Knowing how smart (and not to mention what a great bowhunter) Mike was I sat down with him at the ATA show last year as he explained how he and Max Maupin had worked together to develop this revolutionary product. Mike explained that this technology known as the Faraday Cage Principle had been around since 1890. “Basically”, he began, “It is a cage that breaks up waves or signals by using a pattern of conductive material smaller than the waves you are trying to block.” Mike went on to explain, “That is why we can stand 3 inches from our microwave as it re-heats our morning coffee without the risk of the microwaves coming through the door. You will notice that the door has a small grid pattern which breaks up those waves making the microwave a completely useful and harmless device in our kitchens.”
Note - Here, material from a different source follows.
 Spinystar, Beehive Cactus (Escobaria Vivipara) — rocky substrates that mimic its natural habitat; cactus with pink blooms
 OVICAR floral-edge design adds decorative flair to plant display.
“That is great science,” I replied, “But what does that have to do with hunting?” Mike smiled and went on to explain, “In simple terms every living being emits an EM field. These fields are greatly intensified by the hunter’s increasing heartbeat and by all movement. New independent research proves game that animals can sense weak EM fields such as the EM field of the earth (used for navigation) as well as the EM energy emitted by other living beings including all hunters. This EM field is the true cause of the infamous “6th sense” we have all seen as hunters. Many times it is these fields that cause an animal to go on alert when there is seemingly no way for them to detect you otherwise. HECS Energy Cloak™ Fabric blocks the EM field and conceals hunters in a way never before possible.”
With my head spinning a bit one question quickly came to mind, “What about scent control?” I asked. Mike smiled again and said, “Trev you still got to hunt the wind, this technology isn’t designed to be a scent eliminating product but rather “shield” your EM field and allow you to stay undetected and help you get away with more movement.” He went on to say, “Have you ever seen a deer or elk feeding at 200 or 250 yards out completely relaxed? You as the hunter are set up with the wind right, and as that animal comes into that 80 or 90 yard zone from you they all of a sudden lift their head and start acting very cautious. We have always referred to that as their 6th sense, what they are really doing is picking up on your EM field and are interpreting that as a danger.”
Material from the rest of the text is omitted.